* **ASSIGNMENT**
Restating the data exactly is the whole task.

* **DATA RECORDS**
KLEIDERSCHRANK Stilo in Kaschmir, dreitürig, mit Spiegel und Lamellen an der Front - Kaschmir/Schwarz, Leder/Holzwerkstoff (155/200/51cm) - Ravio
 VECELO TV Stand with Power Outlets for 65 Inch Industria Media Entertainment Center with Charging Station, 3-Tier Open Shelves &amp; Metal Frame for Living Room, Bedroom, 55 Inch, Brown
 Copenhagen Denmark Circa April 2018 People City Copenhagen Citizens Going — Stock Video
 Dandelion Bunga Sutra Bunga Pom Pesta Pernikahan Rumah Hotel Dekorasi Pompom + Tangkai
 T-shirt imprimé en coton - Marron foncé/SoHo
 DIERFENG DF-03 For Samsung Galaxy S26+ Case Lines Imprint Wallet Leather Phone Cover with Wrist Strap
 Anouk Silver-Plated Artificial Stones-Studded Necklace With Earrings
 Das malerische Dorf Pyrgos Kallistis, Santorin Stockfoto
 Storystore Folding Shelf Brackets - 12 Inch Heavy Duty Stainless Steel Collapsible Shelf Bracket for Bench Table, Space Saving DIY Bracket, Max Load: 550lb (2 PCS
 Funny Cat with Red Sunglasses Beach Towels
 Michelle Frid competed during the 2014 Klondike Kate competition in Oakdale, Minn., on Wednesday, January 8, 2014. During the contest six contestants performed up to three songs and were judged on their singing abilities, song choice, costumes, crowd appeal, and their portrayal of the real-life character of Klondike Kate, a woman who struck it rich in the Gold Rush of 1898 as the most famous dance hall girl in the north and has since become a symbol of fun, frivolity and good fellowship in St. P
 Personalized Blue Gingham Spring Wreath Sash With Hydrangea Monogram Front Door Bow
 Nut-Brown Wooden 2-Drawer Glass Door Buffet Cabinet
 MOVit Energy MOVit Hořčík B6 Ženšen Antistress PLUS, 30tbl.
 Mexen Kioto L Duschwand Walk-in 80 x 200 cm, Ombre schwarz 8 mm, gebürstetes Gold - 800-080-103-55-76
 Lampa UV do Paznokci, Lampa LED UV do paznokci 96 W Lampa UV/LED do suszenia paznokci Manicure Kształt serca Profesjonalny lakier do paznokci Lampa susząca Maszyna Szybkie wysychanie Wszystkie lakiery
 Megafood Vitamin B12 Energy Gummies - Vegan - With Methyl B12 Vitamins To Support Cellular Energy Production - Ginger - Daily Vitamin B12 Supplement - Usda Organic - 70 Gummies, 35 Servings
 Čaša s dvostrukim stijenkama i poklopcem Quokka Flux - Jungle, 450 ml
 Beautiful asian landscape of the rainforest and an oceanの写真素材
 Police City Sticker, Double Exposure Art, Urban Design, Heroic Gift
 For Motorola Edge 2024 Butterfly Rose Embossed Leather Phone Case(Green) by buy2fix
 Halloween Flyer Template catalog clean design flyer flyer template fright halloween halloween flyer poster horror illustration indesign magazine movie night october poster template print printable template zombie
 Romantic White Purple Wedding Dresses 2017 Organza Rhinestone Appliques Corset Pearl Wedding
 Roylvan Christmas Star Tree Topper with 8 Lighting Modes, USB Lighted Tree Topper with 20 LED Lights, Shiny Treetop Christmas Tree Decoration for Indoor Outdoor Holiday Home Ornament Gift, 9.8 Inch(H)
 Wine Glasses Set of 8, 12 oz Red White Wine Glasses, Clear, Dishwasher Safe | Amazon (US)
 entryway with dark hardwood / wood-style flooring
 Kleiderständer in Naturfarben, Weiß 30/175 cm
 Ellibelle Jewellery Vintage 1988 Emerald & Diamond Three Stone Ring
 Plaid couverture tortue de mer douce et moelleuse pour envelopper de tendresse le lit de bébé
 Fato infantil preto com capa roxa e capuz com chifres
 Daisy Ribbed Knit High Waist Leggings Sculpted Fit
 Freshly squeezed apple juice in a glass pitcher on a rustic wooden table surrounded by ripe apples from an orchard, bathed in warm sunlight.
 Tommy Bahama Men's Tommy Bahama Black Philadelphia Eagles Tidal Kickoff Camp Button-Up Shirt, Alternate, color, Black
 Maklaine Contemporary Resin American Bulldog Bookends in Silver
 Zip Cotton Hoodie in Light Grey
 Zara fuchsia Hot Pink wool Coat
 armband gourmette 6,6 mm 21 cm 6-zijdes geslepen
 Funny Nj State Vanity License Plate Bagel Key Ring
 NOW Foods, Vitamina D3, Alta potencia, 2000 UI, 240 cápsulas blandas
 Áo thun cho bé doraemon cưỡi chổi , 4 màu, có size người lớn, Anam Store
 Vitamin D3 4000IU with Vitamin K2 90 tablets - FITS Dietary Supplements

* **YOUR SOLUTION**
KLEIDERSCHRANK Stilo in Kaschmir, dreitürig, mit Spiegel und Lamellen an der Front - Kaschmir/Schwarz, Leder/Holzwerkstoff (155/200/51cm) - Ravio
 VECELO TV Stand with Power Outlets for 65 Inch Industria Media Entertainment Center with Charging Station, 3-Tier Open Shelves &amp; Metal Frame for Living Room, Bedroom, 55 Inch, Brown
 Copenhagen Denmark Circa April 2018 People City Copenhagen Citizens Going — Stock Video
 Dandelion Bunga Sutra Bunga Pom Pesta Pernikahan Rumah Hotel Dekorasi Pompom + Tangkai
 T-shirt imprimé en coton - Marron foncé/SoHo
 DIERFENG DF-03 For Samsung Galaxy S26+ Case Lines Imprint Wallet Leather Phone Cover with Wrist Strap
 Anouk Silver-Plated Artificial Stones-Studded Necklace With Earrings
 Das malerische Dorf Pyrgos Kallistis, Santorin Stockfoto
 Storystore Folding Shelf Brackets - 12 Inch Heavy Duty Stainless Steel Collapsible Shelf Bracket for Bench Table, Space Saving DIY Bracket, Max Load: 550lb (2 PCS
 Funny Cat with Red Sunglasses Beach Towels
 Michelle Frid competed during the 2014 Klondike Kate competition in Oakdale, Minn., on Wednesday, January 8, 2014. During the contest six contestants performed up to three songs and were judged on their singing abilities, song choice, costumes, crowd appeal, and their portrayal of the real-life character of Klondike Kate, a woman who struck it rich in the Gold Rush of 1898 as the most famous dance hall girl in the north and has since become a symbol of fun, frivolity and good fellowship in St. P
 Personalized Blue Gingham Spring Wreath Sash With Hydrangea Monogram Front Door Bow
 Nut-Brown Wooden 2-Drawer Glass Door Buffet Cabinet
 MOVit Energy MOVit Hořčík B6 Ženšen Antistress PLUS, 30tbl.
 Mexen Kioto L Duschwand Walk-in 80 x 200 cm, Ombre schwarz 8 mm, gebürstetes Gold - 800-080-103-55-76
 Lampa UV do Paznokci, Lampa LED UV do paznokci 96 W Lampa UV/LED do suszenia paznokci Manicure Kształt serca Profesjonalny lakier do paznokci Lampa susząca Maszyna Szybkie wysychanie Wszystkie lakiery
 Megafood Vitamin B12 Energy Gummies - Vegan - With Methyl B12 Vitamins To Support Cellular Energy Production - Ginger - Daily Vitamin B12 Supplement - Usda Organic - 70 Gummies, 35 Servings
 Čaša s dvostrukim stijenkama i poklopcem Quokka Flux - Jungle, 450 ml
 Beautiful asian landscape of the rainforest and an oceanの写真素材
 Police City Sticker, Double Exposure Art, Urban Design, Heroic Gift
 For Motorola Edge 2024 Butterfly Rose Embossed Leather Phone Case(Green) by buy2fix
 Halloween Flyer Template catalog clean design flyer flyer template fright halloween halloween flyer poster horror illustration indesign magazine movie night october poster template print printable template zombie
 Romantic White Purple Wedding Dresses 2017 Organza Rhinestone Appliques Corset Pearl Wedding
 Roylvan Christmas Star Tree Topper with 8 Lighting Modes, USB Lighted Tree Topper with 20 LED Lights, Shiny Treetop Christmas Tree Decoration for Indoor Outdoor Holiday Home Ornament Gift, 9.8 Inch(H)
 Wine Glasses Set of 8, 12 oz Red White Wine Glasses, Clear, Dishwasher Safe | Amazon (US)
 entryway with dark hardwood / wood-style flooring
 Kleiderständer in Naturfarben, Weiß 30/175 cm
 Ellibelle Jewellery Vintage 1988 Emerald & Diamond Three Stone Ring
 Plaid couverture tortue de mer douce et moelleuse pour envelopper de tendresse le lit de bébé
 Fato infantil preto com capa roxa e capuz com chifres
 Daisy Ribbed Knit High Waist Leggings Sculpted Fit
 Freshly squeezed apple juice in a glass pitcher on a rustic wooden table surrounded by ripe apples from an orchard, bathed in warm sunlight.
 Tommy Bahama Men's Tommy Bahama Black Philadelphia Eagles Tidal Kickoff Camp Button-Up Shirt, Alternate, color, Black
 Maklaine Contemporary Resin American Bulldog Bookends in Silver
 Zip Cotton Hoodie in Light Grey
 Zara fuchsia Hot Pink wool Coat
 armband gourmette 6,6 mm 21 cm 6-zijdes geslepen
 Funny Nj State Vanity License Plate Bagel Key Ring
 NOW Foods, Vitamina D3, Alta potencia, 2000 UI, 240 cápsulas blandas
 Áo thun cho bé doraemon cưỡi chổi , 4 màu, có size người lớn, Anam Store
 Vitamin D3 4000IU with Vitamin K2 90 tablets - FITS Dietary Supplements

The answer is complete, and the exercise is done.